Those grooves are how they quarried granite - by bashing it out in the troughs you see - using diorote pounding balls, hundreds of which litter the entire quarry.

Hartet



posted on Dec, 31 2013 @ 09:35 PM
link   
reply to post by Harte
 


...the idea being investigated here is that tools could have existed that stopped working due to environmental change and then, became unrecognizable within a few generations.

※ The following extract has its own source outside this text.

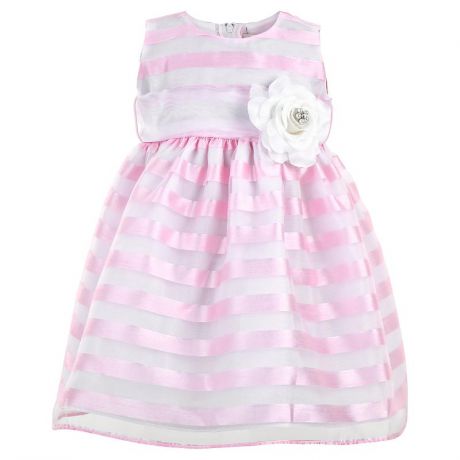 Платье Crayon kids fashion BC960, размер 86-92 см, цвет розовый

Imagine an event or series of events that trigger back-to-back earthquakes, massive tsunamis, then a nuclear winter/ice age, and alter the atmosphere in such a way that common "tools" no longer work. Large populations and cities are decimated. Survivors are concerned with survival, not teaching their children about now-obsolete technology, except as tales for fireside chatter. One day, the great grandchildren pick up a laser-like tool once used for rock-cutting, say, "What a funny looking stick," play with it a while and discard it. Stories become legends then myths about "magic wands." The kids pick up an orb that one time worked to levitate workers on pallets up to their rock carving stations - they say, "What a funny looking rock!" throw it around for a while and forget about it. Stories become legends then myths about "magic carpets."

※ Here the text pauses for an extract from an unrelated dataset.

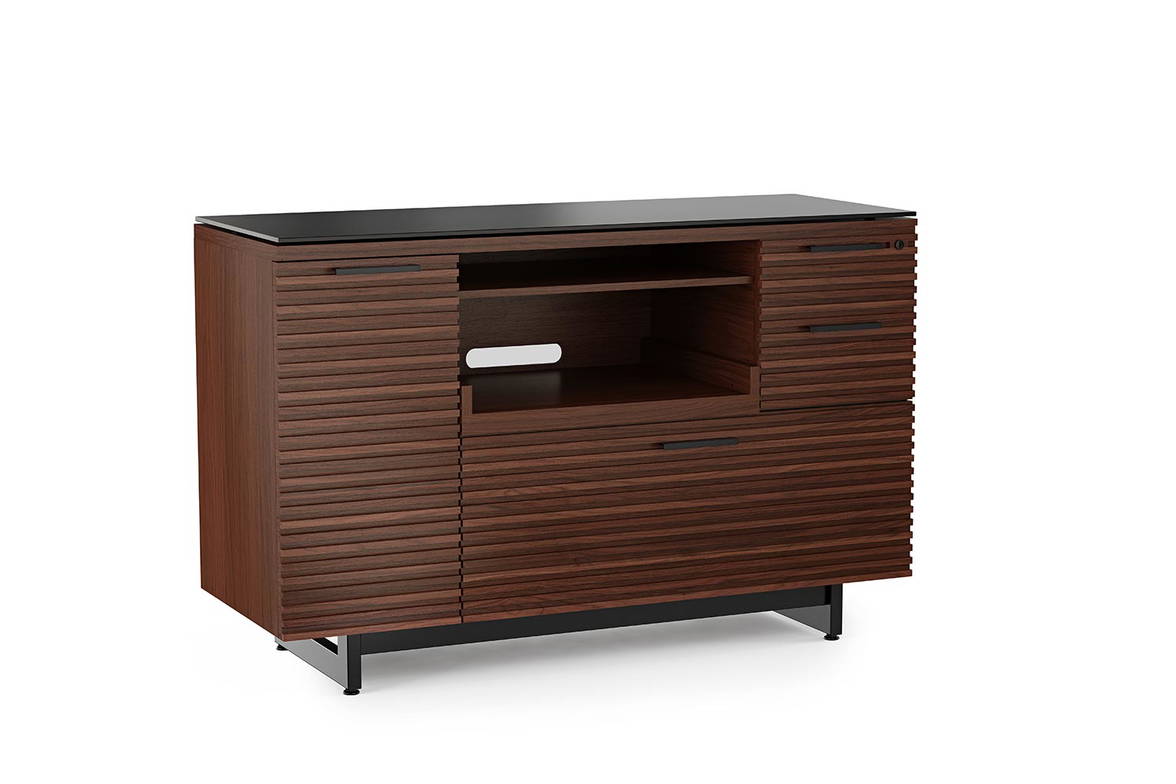 Corridor 6520 multifunction cabinet by BDI Corridor 6520 multifunction cabinet by BDI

Imagine that a small group of knowledgeable, wealthy and powerful elite know what's coming and prepare so they can survive to run the world. A few people outside the 'enclave' figure things out and want to tell everyone. They are told ordinary people will just panic and are better off not knowing. "Besides, we don't really know exactly when or what will happen and nothing can be done anyway," they're told. Those who don't shut up are killed. When the "event" finally happens, ordinary people are not prepared in any way. Only the knowledgeable, wealthy and powerful elite, and their children and close minions know what really happened. They keep their knowledge to themselves and run the world, silently, from the shadows. Now, imagine that this has already happened. At least once.



RE: Supernovas and Gamma Ray Bursts


Every 50 years or so, a massive star in our galaxy blows itself apart in a supernova explosion. Supernovas are one of the most violent events in the universe, and the force of the explosion generates a blinding flash of radiation, as well as shock waves analogous to sonic booms.


Gamma rays, neutrinos and cosmic rays (particulate matter) travel at different speeds - the effects will vary in severity and in terms of what is affected, and when, depending on the size and distance from the Earth.

"Coronal mass ejections" from our Sun can cause geomagnetic storms on Earth. These storms effects are only now beginning to be recognized.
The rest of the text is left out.